3. Jesus - fully human?
That Jesus was a man is not really disputed. The primary documents about Him, found in the Bible, says that he was born of a woman which in itself tells us that at least in a prenatal state he was nurtured and formed as any other male baby was and is. His genealogical line is given and He grew into maturity as any young Jewish boy did. With his humanity, he exhibited normal human emotions such as love, weeping, sadness, anger and anguish. Jesus ate and drank. He had a body and a soul. Jesus grew tired, he slept & perspired. Jesus died just as all mortal people do. Religiously, he worshipped as a Jew. Not only these facts, but the 4 ‘biographies’ or gospels written about him acknowledge his humanity. He was human in every way that we are - physically, mentally and emotionally.
The only exception to this, is that he was sinless, and yet we must ask could Jesus have sinned? Yes he was tempted just as we are, but could Jesus really have succumbed to temptation? We must conclude that while he could have sinned, it was certain he would not and did not.
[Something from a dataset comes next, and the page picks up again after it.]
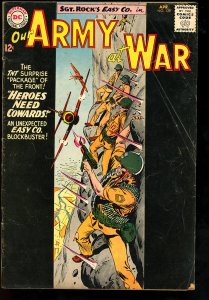 Our Army at War #129 (1963)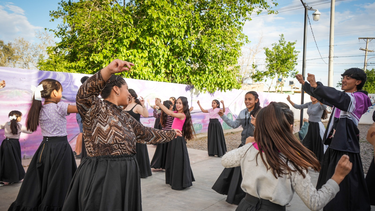 Semillas de Vida, la academia de folclore que crece a pulmón en el corazón de La Bebida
But why did Jesus need to fully human? Firstly, so Jesus death could appease God’s anger with us. Secondly so that Jesus can empathize and pray for us. Thirdly, Jesus exhibited true and perfect humanity. Fourthly, due to his perfect humanity, Jesus is to be our example to follow. Fifthly, true human nature is good. Lastly, while God is both above and beyond, He is not so far removed from us, that He cannot interact with his creation.
4. Jesus - fully God?
This is what we celebrate at Christmas. One of the church father’s, Anselm, wrote that God’s salvation plan for humans involved triumphant victory over sin, death and the grave. However no person could be found that was eligible or capable to do this. Because of this, God stepped into the human history, so that this victory could be achieved. This God-man would be fully human, so as to live every feature of humanity, including suffering and death. This God-man would also need to remain fully God, so as to defeat sin, death and the grave. Jesus, being sinless, was this God-man, consisting as he did of two complete natures, the God nature and the human nature.
How is it possible, you may well ask. If you take a pint of milk, and you pour the milk into a milk jug, the milk remains milk, although it is now in another container. In the same way, God inhabited a human body, thereby still being God, but also being human.
Throughout the Bible, Jesus is acknowledged as God. The apostle John expressly calls Jesus, the Word or God. Later on in his life, John expressly stated that Jesus was “the true God and eternal life”. Jesus himself claimed equality with God and when He stated “your sins are forgiven”, some of the Jewish rulers attributed this as a God alone thing and thereby accused Him, at least in their minds, of blasphemy against God! During the questioning when He was on trial for blasphemy, again Jesus equated himself with being God.
That Jesus is both human and divine, is what makes Christianity unique amongst the world’s religions. It is why Jesus’ claims to be the only way to God are true and make sense, and it is why millions of people today worship Him and acknowledge Him as their Lord and their God.